Ansprache zur Eröffnung des Johannisempfangs in der Französischen Friedrichstadtkirche zu Berlin
Prälat Dr. Bernhard Felmberg
Nach dem Täufer Johannes hat der Johannistag seinen Namen. Der Johannistag liegt zwar in diesem Jahr schon über eine Woche hinter uns, dennoch feiern wir mit Freude heute unseren Johannisempfang.
Johannes der Täufer, das war ein Prediger! Wie er da stand in der Wüste am Jordan. Mit einem Kleid aus Kamelhaaren angetan. Kein schicker Kamelhaarmantel. Nein, ein Fetzen Fell hing an ihm herunter. Notdürftig mit einem Gürtel zusammengehalten. Sein Speiseplan bestand aus Heuschrecken und wildem Honig. Das war es eben, was in der Wüste zu finden war für einen mittellosen Prediger, der sich fernab der Zivilisation bewegte.
Doch sein Erscheinungsbild war noch nicht das Spektakulärste am Täufer Johannes. Was er predigte war noch viel beeindruckender. Den Menschen, die zahlreich zu ihm kamen, prophezeite er den Zorn Gottes, wenn sie nicht Buße täten. Manche von ihnen beschimpfte er gar als „Otterngezücht und Schlangenbrut“. Ach ja! Das sollte einem Prediger heute einmal einfallen. Auch wenn vielleicht gerade in der Finanz- und Wirtschaftskrise manchmal die Versuchung groß ist, Ähnliches zu denken, so führen doch schon viel zartere Hinweise kirchlicher Würdenträger zu medialen Irritationen und Zurechtweisungen von Seiten der wirtschaftlich geprägten Welt.
Joahnnisempfang einerseits und „Otterngezücht“ andererseits. Ein Fest mit ausgewählten Speisen und gutem Wein einerseits und Kamelhaarfetzen und wildem Honig andererseits: Wie passt das zusammen?

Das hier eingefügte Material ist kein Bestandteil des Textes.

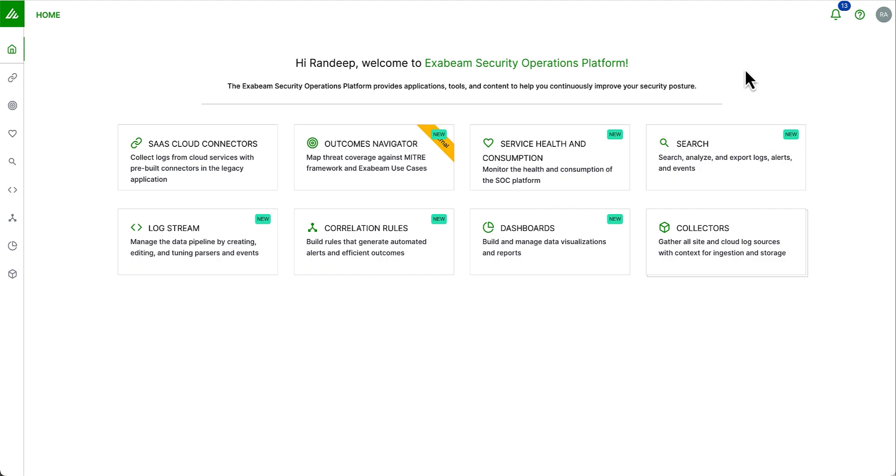Hello, today I'm going to demonstrate a new product in the Exabeam Security Operations Platform, Exabeam Security Log Management, an affordable cloud-native security log management solution we think you will love. The Exabeam Security Log Management offering has been built from the ground up with scale in mind. The platform encompasses a set of core capabilities to get you started.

Nun, die Sache ist gar nicht so widersprüchlich. Der Täufer war nicht nur ein mahnender Bußprediger. Er war mit Jesus von Nazareth verwandt. Mehr noch: Der Täufer war der erste Mensch, der verkündigte, wer in Jesus zu uns Menschen kommt. Etwas ganz Neues und Unerhörtes beginnt mit Johannes dem Täufer. Er ist derjenige, der dem Neuen den Weg bahnt. Der auf das Neue hinweist.
Viele von Ihnen kennen den Isenheimer Altar des Matthias Grünwald im Musée d´Unterlinden in Colmar. Und wer nicht, der kann kurz einen Ausschnitt auf unserem Ablaufheft erblicken.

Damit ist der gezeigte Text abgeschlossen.